NORTH READING — In its most important and far–reaching decision since the vote to build the new high and middle schools four years ago, Town Meeting Monday night opted to join the MWRA district for water supply starting in 2019, a move proponents said will ensure North Reading’s long term water supply future  in a financially responsible way.

The decision to join the MWRA came in the form of votes on separate warrant articles. The first article, which authorized $1.125 million in bonding to cover the cost of planning, design and land acquisition for the MWRA interconnection through Reading, passed 94 in favor, 21 opposed. Because bonding was required, the motion needed a two–thirds vote of approval. It got 82 percent. The vote on the next article, for the town to join the MWRA district, was almost unanimous.

The meeting was attended by Reading Selectmen John Halsey, Dan Ensminger, Town Manager Bob LeLacheur and MWRA officials, including Executive Director Fred Laskey.

Basically, the voters heeded the arguments from Selectmen and other proponents that MWRA membership, in the long term, is the financially responsible option rather than investing more money in the town’s present water system, which cannot increase water supply.

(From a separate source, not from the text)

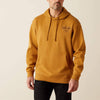 Ariat Mens Southwest Simple Hoodie Bone Brown - 10062495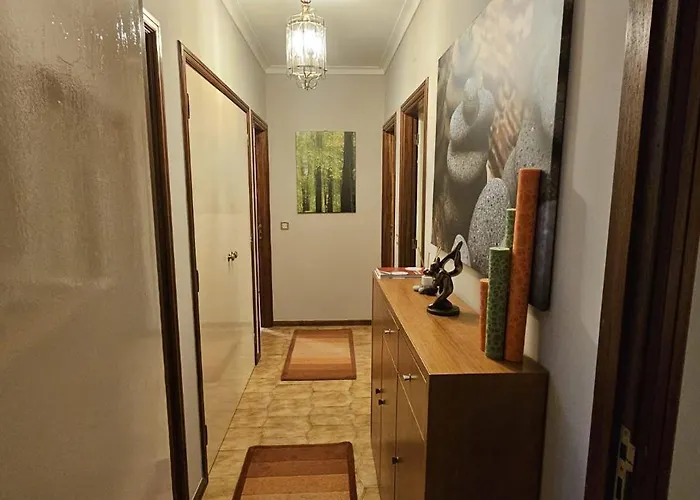 Lägenhet Casa Da Amorosa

“Providing water is one of the most fundamental responsibilities of any government and we can’t supply enough water now for the existing needs of North Reading and those needs are going to get worse,” said Stephen Jervey, 21 Woodland Drive. “We cannot afford to delay any longer pursuing the MWRA as a water supply option.”

Selectmen Chairman Robert Mauceri said the town can’t produce the amount of water that it needs with its existing supply system and the cost of upgrading the system and the wells is significantly expensive, and can’t offer the increase in water supply that the MWRA can. “We need to supply an adequate source of water for the community, not for five, ten or 20 years, but for the long term future. This is an investment in the town, your property and the future.”

There was opposition among the voters as the debate on the articles extended for nearly an hour and a half. There were 133 registered voters at the meeting in the High School’s Performing Arts Center.

John Burns of Roach Circle said he’s lived in town for 40 years and the quality of North Reading water is good and joining the MWRA is a mistake. He wanted a committee of voters to study the issue before connecting to MWRA.

Some voters said they had friends in Reading or Stoneham who are not happy with the MWRA because of the higher rates and water quality.

“Many years ago, North Reading looked into joining the MWRA. It was not a good choice then and it’s not a good choice now,” said Pat Fillmore, 24 Fieldcrest Terrace. “It’s going to cost us lots and lots of money in the long run.”

Julie Brown, 30 Southwick Rd. worried the town was getting in over its head. She said it will be 20 years before the MWRA connection costs break even and most people in the hall won’t still be in North Reading in 20 years. “I feel it’s being forced. I’ll be able to survive, but a lot of people will not be able to.”

Proponents emphasized the MWRA connection is for water supply only and does not include sewerage and there are no plans to sewer the town. Water Superintendent Mark Clark said homes on well water would not be forced to join the water system or pay for this. MWRA water rates usually increase at a rate of 4 percent, while North Reading ‘s contract for water supply with Andover increases at 5 percent annually.

Town Administrator Michael Gilleberto stated that Reading Selectmen and town officials are pleased with their decision to join MWRA a number of years ago because the water quality improved. The MWRA’s water has consistently received the highest ratings statewide.

Mel Webster praised the Selectmen for taking these steps to provide potable water. “We don’t have enough water today to satisfy the town’s needs, we’re not going to get anymore from Andover. Andover has us over a barrel, we have no bargaining power with Andover and the Ipswich River basin limits us in what we can take from that.” He didn’t see any other options.

The switch to MWRA water will eliminate the town’s chronic water supply shortages. Just before Town Meeting began, Selectmen voted to implement Stage I outdoor water use restrictions limiting outside watering to two days a week. (See other story).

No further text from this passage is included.